La proposta di revoca è avanzata dai servizi sociali coinvolti nel procedimento. A norma dell'art. 141-ter disp. att. c.p.p., infatti, quando è disposta la sospensione del procedimento con messa alla prova dell'imputato, l'UEPE informa il Giudice, con la cadenza stabilita nel provvedimento di ammissione e comunque non superiore a tre mesi, dell'attività svolta e del comportamento dell'imputato, proponendo, ove necessario, modifiche al programma di trattamento, eventuali abbreviazioni di esso ovvero, in caso di grave o reiterata trasgressione, la revoca del provvedimento di sospensione.

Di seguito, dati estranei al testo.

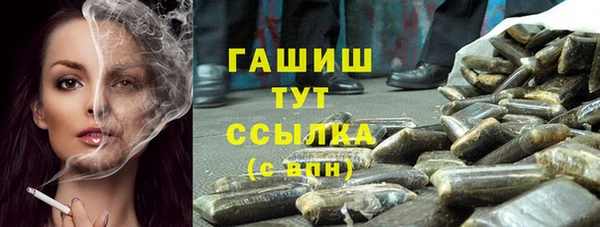 гашик Аркадак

Appare plausibile ritenere che anche il pubblico ministero e la persona offesa possano sollecitare la prematura conclusione del periodo di prova. Con l'entrata in vigore dell'art. 464-ter.1 c.p.p., infatti, è stato riconosciuto al rappresentante della Pubblica Accusa un ruolo attivo e propulsivo in materia di messa alla prova anche mediante un contatto diretto con l'Ufficio dell'esecuzione penale esterna. Nulla appare impedire che il P.M., venuto a conoscenza di elementi ostativi alla continuazione del periodo prova, segnali tali circostanze all'UEPE o al Giudice. La persona offesa potrebbe avere, invece, interesse a rappresentare eventuali criticità della condotta risarcitoria, restitutoria o riparatoria indicata nel programma di trattamento.

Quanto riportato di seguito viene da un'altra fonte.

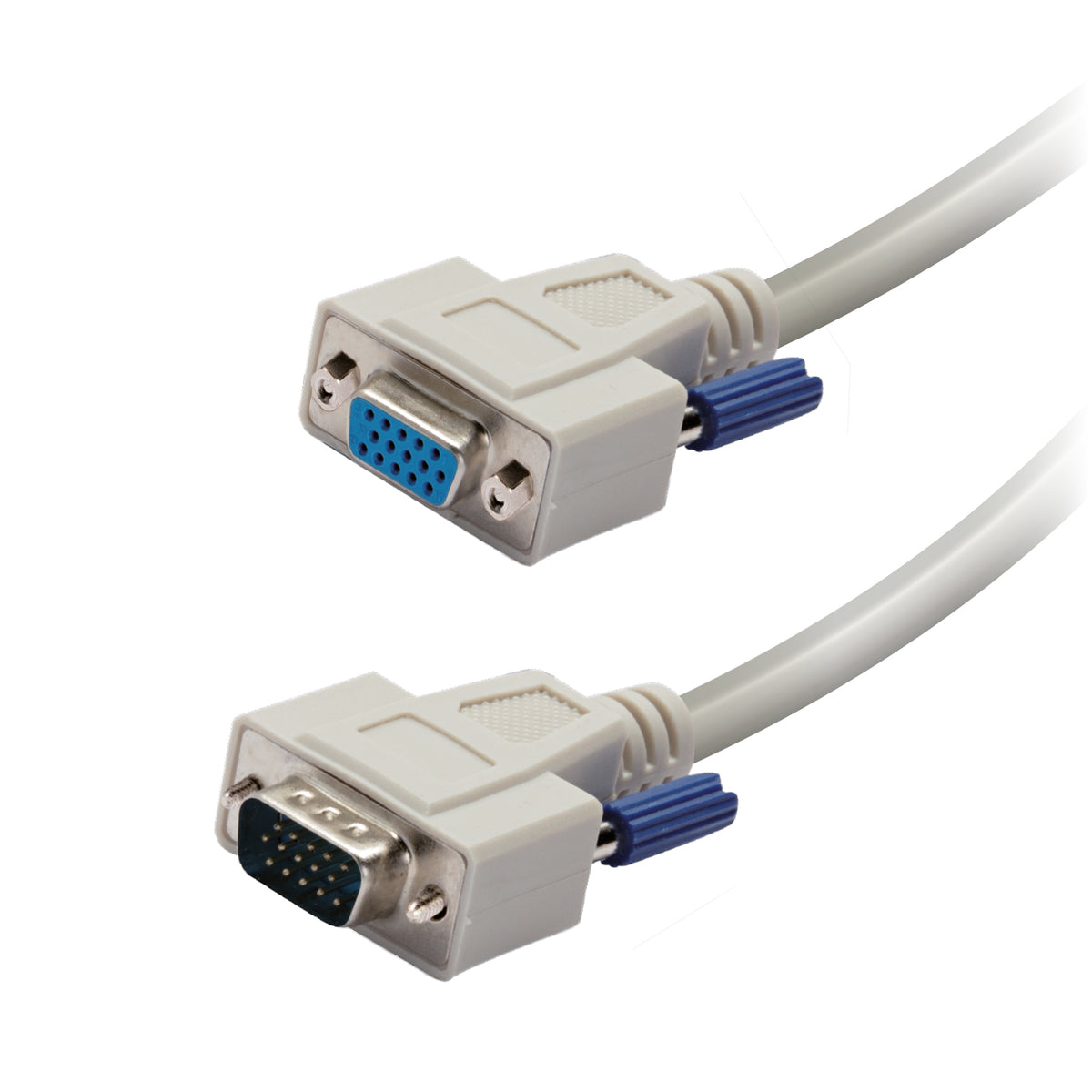 Cavo VGA per monitor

Alla luce di quanto indicato nella sentenza in commento, dunque, le disposizioni di cui all'art. 464-octies, commi 1 e 2, c.p.p. devono essere lette nel senso di consentire al Giudice di provvedere alla revoca dell'ordinanza ammissiva della map anche senza una specifica richiesta di parte (o da parte dell'UEPE) restando tuttavia imprescindibile a tal fine la necessità di consentire alle parti di interloquire in ordine alla valutazione e alla sussistenza dei presupposti della revoca. In tal modo si potranno esporre le concrete motivazioni che hanno indotto il soggetto ammesso al rito a non rispettare (o a non rispettare puntualmente) le prescrizioni imposte dal programma di trattamento predisposto dai servizi sociali o fornire chiarimenti in ordine alle circostanze ritenute ostative alla prosecuzione della prova. Il Giudice avrà quindi un quadro completo per assumere la propria decisione in ordine alla revoca dell'ordinanza ammissiva del procedimento, nel contraddittorio tra le parti e nel pieno rispetto del diritto di difesa.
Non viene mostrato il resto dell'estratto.